Speaker: 

Prof Donald Nelson

Institution: 

Worcester Polytechnic Institute

Time: 

Tuesday, January 18, 2005 - 4:00pm

Location: 

MSTB 254

The development of quantum mechanics in the 1920s convinced physicists that future progress in understanding solids would flow from that discipline, and so continuum mechanics of solids was abandoned by physicists. Thus, success of the latter in late twentieth century is regarded as surprising by most.

We present an overview of the construction of a very general Lagrangian of a closed system of a dielectric crystal interacting with the electromagnetic field. The Lagrangian is first constructed for discrete particles, a long-wavelength (continuum) limit is taken in a manner to preserve all of the eigenmodes. The crystal can be of any class of symmetry, have any structural complexity, and have interactions between its various eigenmodes and between them and the electromagnetic field to any order of nonlinearity. All eigenmodes are included: electromagnetic, acoustic and optic modes of vibration, spin, and all polaritonic combinations of them.

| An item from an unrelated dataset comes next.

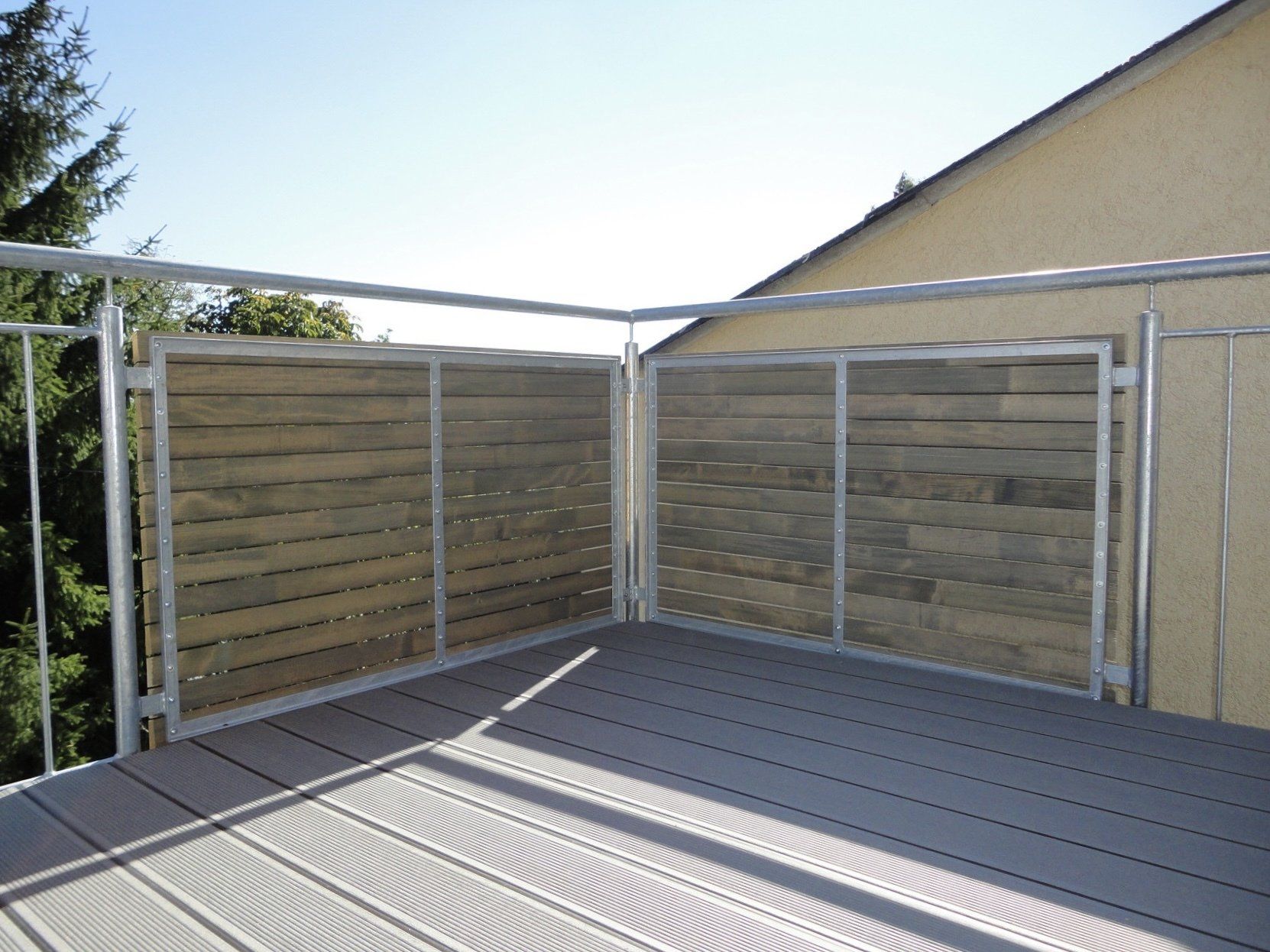 Ein Balkon mit einem Holzzaun und einem Metallgeländer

The photoelastic effect was show to have been wrongly formulated for 155 years: the independent variable characterizing the deformation had been wrong! Thus, the interaction tensor has a more general symmetry. The accepted relation between the photoelastic effect and electrostriction was shown to have been wrong for almost as long. The elastic stiffness tensor was shown to lose its traditional symmetry when a soft optic mode became involved. All treatments of acoustic harmonic generation in piezoelectrics were shown to be wrong. The best derivation of optical activity was shown to have missed a fundamental contribution having a different dispersion. The Abraham - Minkowski controversy about the momentum of a light wave in a medium was resolved. The most general Poynting vector in a medium was found. Several nonlinear interactions were characterized and interpreted for the first time.